**INFORMATION PROVIDED**
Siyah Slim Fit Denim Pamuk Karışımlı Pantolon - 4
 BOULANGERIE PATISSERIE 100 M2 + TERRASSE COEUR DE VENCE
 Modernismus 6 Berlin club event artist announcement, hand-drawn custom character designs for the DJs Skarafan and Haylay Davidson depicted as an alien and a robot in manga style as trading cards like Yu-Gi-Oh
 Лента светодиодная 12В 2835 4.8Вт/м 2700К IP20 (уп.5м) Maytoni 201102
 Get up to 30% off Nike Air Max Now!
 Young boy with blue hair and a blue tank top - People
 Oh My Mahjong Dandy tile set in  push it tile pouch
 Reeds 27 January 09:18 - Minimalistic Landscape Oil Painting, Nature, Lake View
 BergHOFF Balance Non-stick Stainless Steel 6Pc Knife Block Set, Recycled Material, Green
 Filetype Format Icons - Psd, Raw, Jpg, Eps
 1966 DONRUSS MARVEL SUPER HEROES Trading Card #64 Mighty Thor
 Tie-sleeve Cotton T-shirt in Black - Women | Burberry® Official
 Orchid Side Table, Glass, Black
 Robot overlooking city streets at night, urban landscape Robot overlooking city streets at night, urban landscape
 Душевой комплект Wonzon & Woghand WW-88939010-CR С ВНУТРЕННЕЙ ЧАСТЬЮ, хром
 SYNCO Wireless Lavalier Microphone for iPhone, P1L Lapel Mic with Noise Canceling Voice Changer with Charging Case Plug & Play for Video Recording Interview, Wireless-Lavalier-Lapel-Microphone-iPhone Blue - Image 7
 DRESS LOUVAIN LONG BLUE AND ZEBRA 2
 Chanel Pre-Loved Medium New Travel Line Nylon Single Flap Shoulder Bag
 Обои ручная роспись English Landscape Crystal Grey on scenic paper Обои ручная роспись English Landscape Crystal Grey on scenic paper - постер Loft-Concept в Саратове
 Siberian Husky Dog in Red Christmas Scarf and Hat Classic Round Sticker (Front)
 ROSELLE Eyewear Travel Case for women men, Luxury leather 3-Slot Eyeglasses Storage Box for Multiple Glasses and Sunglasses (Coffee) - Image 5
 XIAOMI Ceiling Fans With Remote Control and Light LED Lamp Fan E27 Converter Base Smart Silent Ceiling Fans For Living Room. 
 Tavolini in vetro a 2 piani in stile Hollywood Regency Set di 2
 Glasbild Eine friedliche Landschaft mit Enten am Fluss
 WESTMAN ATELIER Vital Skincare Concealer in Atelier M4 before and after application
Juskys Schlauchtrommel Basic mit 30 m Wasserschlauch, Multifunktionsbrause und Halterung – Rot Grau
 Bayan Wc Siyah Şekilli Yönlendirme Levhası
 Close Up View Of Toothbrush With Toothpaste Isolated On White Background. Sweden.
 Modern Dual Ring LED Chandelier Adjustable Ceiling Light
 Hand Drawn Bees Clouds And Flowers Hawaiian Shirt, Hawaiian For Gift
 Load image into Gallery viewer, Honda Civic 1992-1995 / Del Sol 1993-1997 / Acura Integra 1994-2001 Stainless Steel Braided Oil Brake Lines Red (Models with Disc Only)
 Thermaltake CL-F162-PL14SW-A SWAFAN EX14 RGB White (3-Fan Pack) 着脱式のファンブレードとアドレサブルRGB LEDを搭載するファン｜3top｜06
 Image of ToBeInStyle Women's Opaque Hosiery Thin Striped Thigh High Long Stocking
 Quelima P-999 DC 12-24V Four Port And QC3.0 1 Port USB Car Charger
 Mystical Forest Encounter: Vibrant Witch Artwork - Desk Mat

**YOUR OBJECTIVE**
Pick from the records each line that contains the word "Black" and show it.

**SOLUTION TO THE PROBLEM**
 Tie-sleeve Cotton T-shirt in Black - Women | Burberry® Official
 Orchid Side Table, Glass, Black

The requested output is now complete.